• **SUPPLIED MATERIAL**

Start of Block

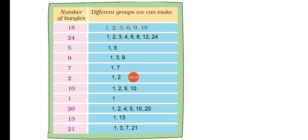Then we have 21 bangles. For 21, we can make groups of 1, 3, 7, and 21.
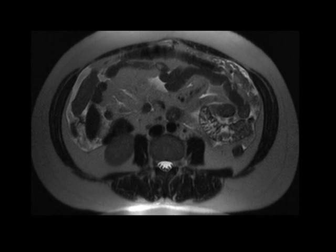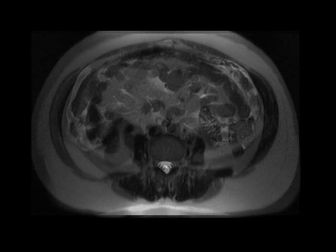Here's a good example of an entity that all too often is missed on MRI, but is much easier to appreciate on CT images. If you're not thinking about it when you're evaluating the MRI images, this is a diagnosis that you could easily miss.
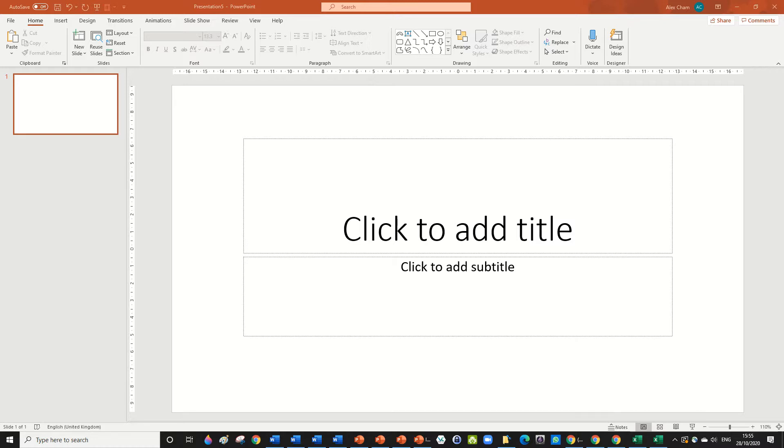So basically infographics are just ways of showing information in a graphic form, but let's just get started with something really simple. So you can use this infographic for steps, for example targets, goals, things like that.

End of Block

• **WORK INSTRUCTION**
Would you please repeat all the data word for word, but without the pictures?

• **WRITTEN SOLUTION**
Then we have 21 bangles. For 21, we can make groups of 1, 3, 7, and 21.
Here's a good example of an entity that all too often is missed on MRI, but is much easier to appreciate on CT images. If you're not thinking about it when you're evaluating the MRI images, this is a diagnosis that you could easily miss.
So basically infographics are just ways of showing information in a graphic form, but let's just get started with something really simple. So you can use this infographic for steps, for example targets, goals, things like that.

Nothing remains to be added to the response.